[Task brief] The lines needed are those from the start of the records through the line holding "12 Cavity Silicone Quenelle Cake Mold 4", each copied exactly.
Data supplied Block Start
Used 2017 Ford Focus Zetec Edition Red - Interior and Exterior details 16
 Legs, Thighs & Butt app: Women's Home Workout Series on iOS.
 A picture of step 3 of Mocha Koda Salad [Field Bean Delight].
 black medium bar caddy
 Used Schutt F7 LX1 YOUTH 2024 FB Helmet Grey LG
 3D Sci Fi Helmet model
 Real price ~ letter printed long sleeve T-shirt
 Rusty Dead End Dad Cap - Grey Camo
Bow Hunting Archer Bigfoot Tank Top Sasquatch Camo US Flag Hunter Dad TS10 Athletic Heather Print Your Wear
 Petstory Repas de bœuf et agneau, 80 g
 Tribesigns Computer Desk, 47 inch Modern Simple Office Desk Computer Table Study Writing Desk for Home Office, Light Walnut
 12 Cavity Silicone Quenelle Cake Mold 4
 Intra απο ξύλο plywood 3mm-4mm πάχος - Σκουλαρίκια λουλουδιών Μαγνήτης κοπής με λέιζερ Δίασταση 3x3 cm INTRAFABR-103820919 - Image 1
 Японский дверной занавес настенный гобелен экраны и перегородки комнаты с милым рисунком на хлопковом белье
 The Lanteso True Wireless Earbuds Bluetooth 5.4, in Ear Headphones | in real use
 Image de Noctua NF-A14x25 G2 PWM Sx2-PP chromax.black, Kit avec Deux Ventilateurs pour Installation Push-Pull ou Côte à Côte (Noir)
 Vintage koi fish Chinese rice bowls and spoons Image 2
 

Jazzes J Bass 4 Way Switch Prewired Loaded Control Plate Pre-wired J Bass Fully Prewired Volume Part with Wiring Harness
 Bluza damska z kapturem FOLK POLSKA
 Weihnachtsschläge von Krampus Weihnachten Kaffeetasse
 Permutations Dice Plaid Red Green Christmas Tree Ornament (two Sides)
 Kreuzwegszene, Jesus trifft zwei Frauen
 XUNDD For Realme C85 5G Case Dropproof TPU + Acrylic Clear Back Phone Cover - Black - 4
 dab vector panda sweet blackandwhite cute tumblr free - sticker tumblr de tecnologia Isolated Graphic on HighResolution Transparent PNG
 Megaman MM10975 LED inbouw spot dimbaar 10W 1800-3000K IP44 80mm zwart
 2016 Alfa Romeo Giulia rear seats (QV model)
Data supplied Block End
[Task answer]
Used 2017 Ford Focus Zetec Edition Red - Interior and Exterior details 16
 Legs, Thighs & Butt app: Women's Home Workout Series on iOS.
 A picture of step 3 of Mocha Koda Salad [Field Bean Delight].
 black medium bar caddy
 Used Schutt F7 LX1 YOUTH 2024 FB Helmet Grey LG
 3D Sci Fi Helmet model
 Real price ~ letter printed long sleeve T-shirt
 Rusty Dead End Dad Cap - Grey Camo
Bow Hunting Archer Bigfoot Tank Top Sasquatch Camo US Flag Hunter Dad TS10 Athletic Heather Print Your Wear
 Petstory Repas de bœuf et agneau, 80 g
 Tribesigns Computer Desk, 47 inch Modern Simple Office Desk Computer Table Study Writing Desk for Home Office, Light Walnut
 12 Cavity Silicone Quenelle Cake Mold 4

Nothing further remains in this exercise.